I was wondering when you put your bottle baby (age) back outside after keeping them inside?


----------



## crocee (Jul 25, 2008)

I put mine back out when they get too big to fit through the fence One of my last bottle babies would scream and push through the fence if I left her out with those mean bigger goats so I ended up putting chicken wire around the inside of her pen. After a couple days she was fine but still miffed at me. I had previously taken her out for meet and greet sessions but always took her back inside. I never had any problems out of the other goats being mean to her. As soon as I opened the gate to leave she would work her way through the fence hold and come after me. I think she was 2 months old at the time and should not have been able to fit.


----------



## Di (Jan 29, 2008)

I "try" to leave them out there from the beginning. However, we had quints born one year and brought 2 in for bottle feeding. It was cold and I was feeling lazy, so I put them in a dog crate. It was so cute, they were even house trained, but, then they started "bouncing off the walls" jumping from my DH's recliner onto my new granite counter tops! So, out they went at about 3/4 weeks old. You should have seen the look on their little faces! WHAT! I have to stay out here...with the animals?! 

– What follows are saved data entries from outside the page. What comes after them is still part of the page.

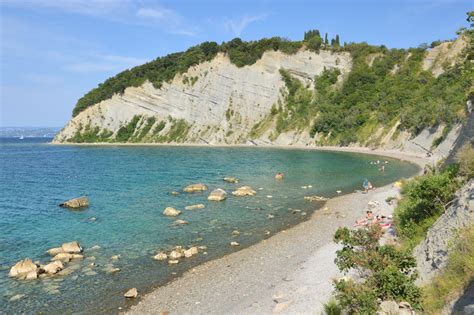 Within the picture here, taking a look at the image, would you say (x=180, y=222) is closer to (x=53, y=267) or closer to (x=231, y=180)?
(x=53, y=267)

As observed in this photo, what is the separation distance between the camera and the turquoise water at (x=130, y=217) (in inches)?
675

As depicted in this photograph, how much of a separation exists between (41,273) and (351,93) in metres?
102

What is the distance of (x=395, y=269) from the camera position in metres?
9.41

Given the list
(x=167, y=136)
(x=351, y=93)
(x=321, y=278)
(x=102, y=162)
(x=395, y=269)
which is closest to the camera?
(x=395, y=269)

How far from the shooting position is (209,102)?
410ft

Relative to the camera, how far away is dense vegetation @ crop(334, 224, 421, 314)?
9.02m

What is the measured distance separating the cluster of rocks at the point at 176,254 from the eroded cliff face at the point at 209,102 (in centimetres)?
9509

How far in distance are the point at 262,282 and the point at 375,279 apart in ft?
25.4

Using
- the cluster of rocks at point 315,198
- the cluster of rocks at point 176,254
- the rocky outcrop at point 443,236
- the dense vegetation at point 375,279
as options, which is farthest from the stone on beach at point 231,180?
the dense vegetation at point 375,279

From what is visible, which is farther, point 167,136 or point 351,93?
point 167,136

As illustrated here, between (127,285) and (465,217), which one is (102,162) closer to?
(127,285)

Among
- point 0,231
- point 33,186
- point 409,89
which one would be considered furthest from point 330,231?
point 409,89

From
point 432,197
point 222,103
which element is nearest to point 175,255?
point 432,197

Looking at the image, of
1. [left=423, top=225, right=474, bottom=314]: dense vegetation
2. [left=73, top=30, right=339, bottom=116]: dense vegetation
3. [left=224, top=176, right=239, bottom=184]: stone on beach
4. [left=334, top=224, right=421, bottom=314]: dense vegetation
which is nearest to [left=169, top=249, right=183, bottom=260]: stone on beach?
[left=334, top=224, right=421, bottom=314]: dense vegetation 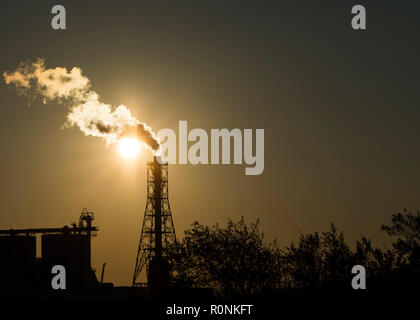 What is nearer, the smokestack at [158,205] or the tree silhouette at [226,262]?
the tree silhouette at [226,262]

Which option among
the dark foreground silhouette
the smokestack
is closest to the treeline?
the dark foreground silhouette

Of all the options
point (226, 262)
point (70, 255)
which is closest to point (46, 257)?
point (70, 255)

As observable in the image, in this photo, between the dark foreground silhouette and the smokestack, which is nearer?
the dark foreground silhouette

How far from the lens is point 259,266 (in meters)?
42.4

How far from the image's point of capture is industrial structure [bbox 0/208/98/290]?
Result: 235 feet

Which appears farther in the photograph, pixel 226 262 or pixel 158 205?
pixel 158 205

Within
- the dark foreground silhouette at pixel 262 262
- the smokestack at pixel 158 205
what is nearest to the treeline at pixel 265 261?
the dark foreground silhouette at pixel 262 262

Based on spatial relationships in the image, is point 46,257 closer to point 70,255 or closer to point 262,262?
point 70,255

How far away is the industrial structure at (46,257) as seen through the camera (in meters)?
71.6

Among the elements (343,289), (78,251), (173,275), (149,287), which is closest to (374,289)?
(343,289)

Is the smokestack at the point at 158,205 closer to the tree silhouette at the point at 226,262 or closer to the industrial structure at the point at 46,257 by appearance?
the industrial structure at the point at 46,257

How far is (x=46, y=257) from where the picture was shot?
246 ft

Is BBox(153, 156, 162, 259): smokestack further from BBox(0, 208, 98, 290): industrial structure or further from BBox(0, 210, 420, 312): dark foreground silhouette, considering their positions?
BBox(0, 210, 420, 312): dark foreground silhouette

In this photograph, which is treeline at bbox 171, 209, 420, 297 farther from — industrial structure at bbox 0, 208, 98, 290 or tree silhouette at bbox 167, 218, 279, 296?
industrial structure at bbox 0, 208, 98, 290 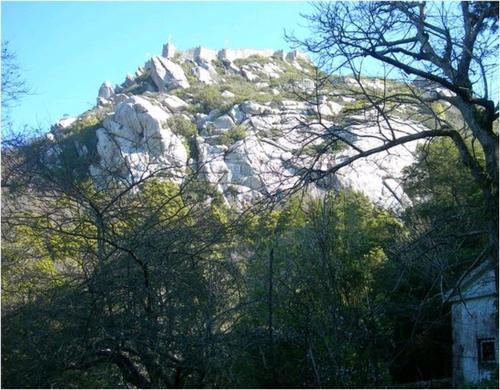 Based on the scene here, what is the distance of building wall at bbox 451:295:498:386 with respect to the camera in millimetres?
13797

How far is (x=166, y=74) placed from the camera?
92188mm

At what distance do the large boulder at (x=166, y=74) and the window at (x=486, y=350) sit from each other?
256ft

If you have had them in a "climate controlled room" you can't just put them out in the cold. It may be a couple of weeks of taking them out on warmer days and bringing them in at night...leaving out for longer periods, etc. To get them adjusted to the weather. If you can put a heater of some sort out in your barn that may be enough...depending on your weather. They have to learn to be goats...and they learn that from other goats.


----------